[What you need to do] Retype only what runs from the beginning of the data through the line with "I'm going to make"; please omit the pictures and keep every line exact.

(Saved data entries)
▶

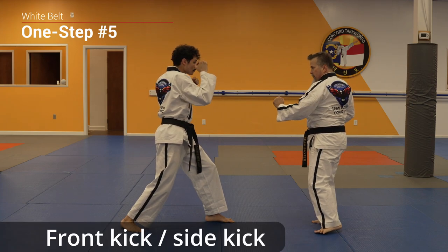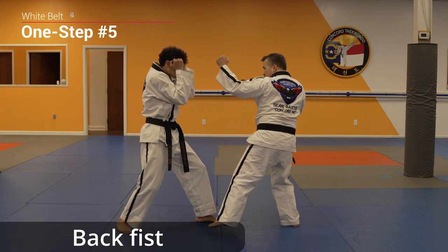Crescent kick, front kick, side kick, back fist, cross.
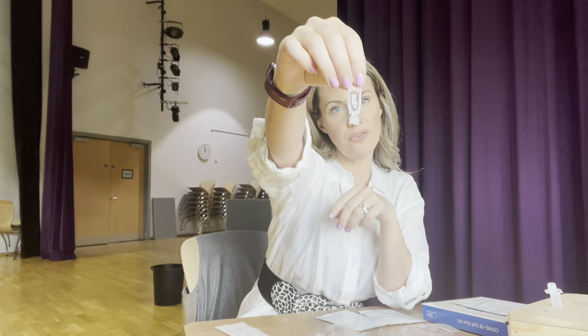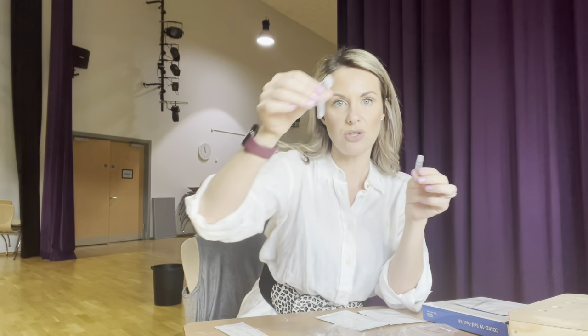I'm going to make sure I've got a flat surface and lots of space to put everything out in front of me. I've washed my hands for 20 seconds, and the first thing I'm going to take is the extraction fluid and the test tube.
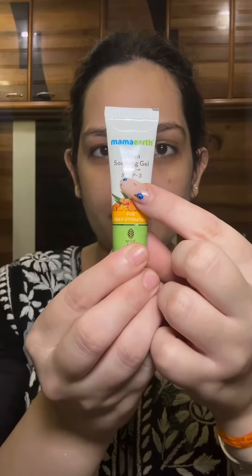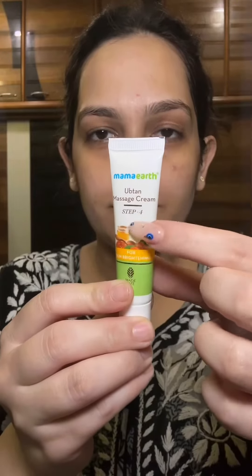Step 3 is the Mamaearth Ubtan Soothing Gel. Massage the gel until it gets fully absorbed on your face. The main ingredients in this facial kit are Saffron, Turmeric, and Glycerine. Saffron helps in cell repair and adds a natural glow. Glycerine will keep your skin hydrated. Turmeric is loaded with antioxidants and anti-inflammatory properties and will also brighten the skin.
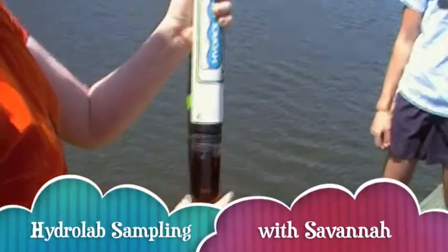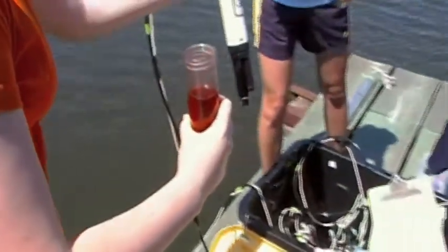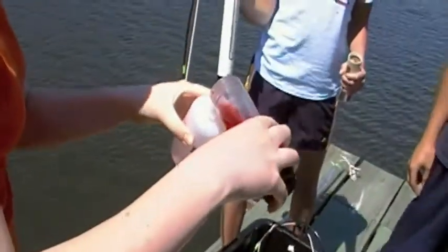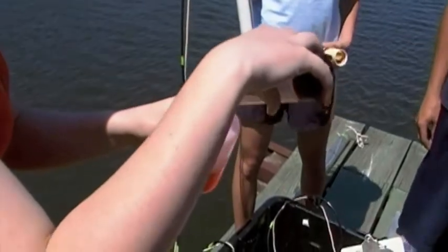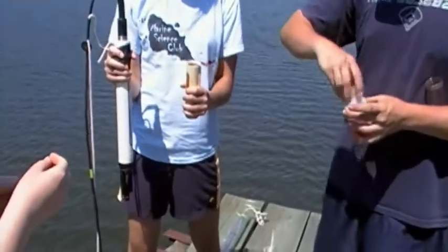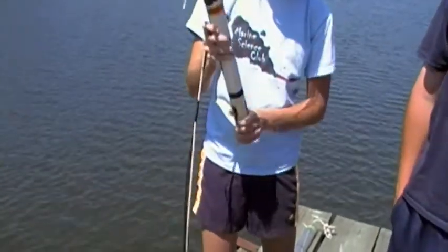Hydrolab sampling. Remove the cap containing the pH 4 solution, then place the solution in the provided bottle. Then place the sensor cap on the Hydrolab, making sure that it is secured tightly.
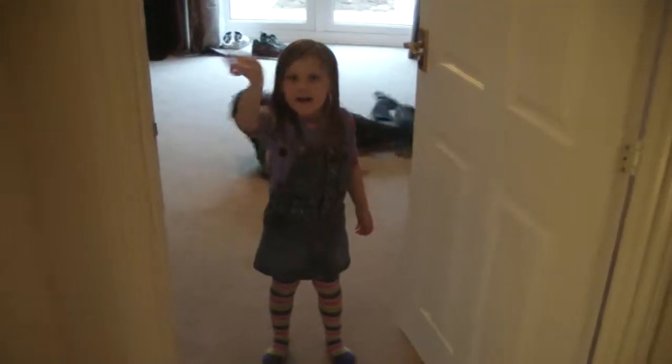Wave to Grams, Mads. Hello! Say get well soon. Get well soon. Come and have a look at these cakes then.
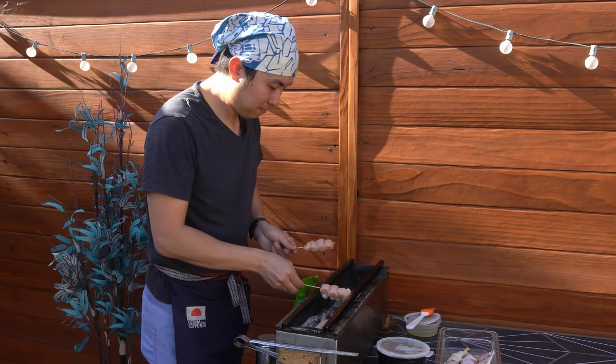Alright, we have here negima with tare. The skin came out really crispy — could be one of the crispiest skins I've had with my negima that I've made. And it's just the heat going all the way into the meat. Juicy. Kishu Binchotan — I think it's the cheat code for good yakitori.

◀

[Answer area]
Crescent kick, front kick, side kick, back fist, cross.
I'm going to make sure I've got a flat surface and lots of space to put everything out in front of me. I've washed my hands for 20 seconds, and the first thing I'm going to take is the extraction fluid and the test tube.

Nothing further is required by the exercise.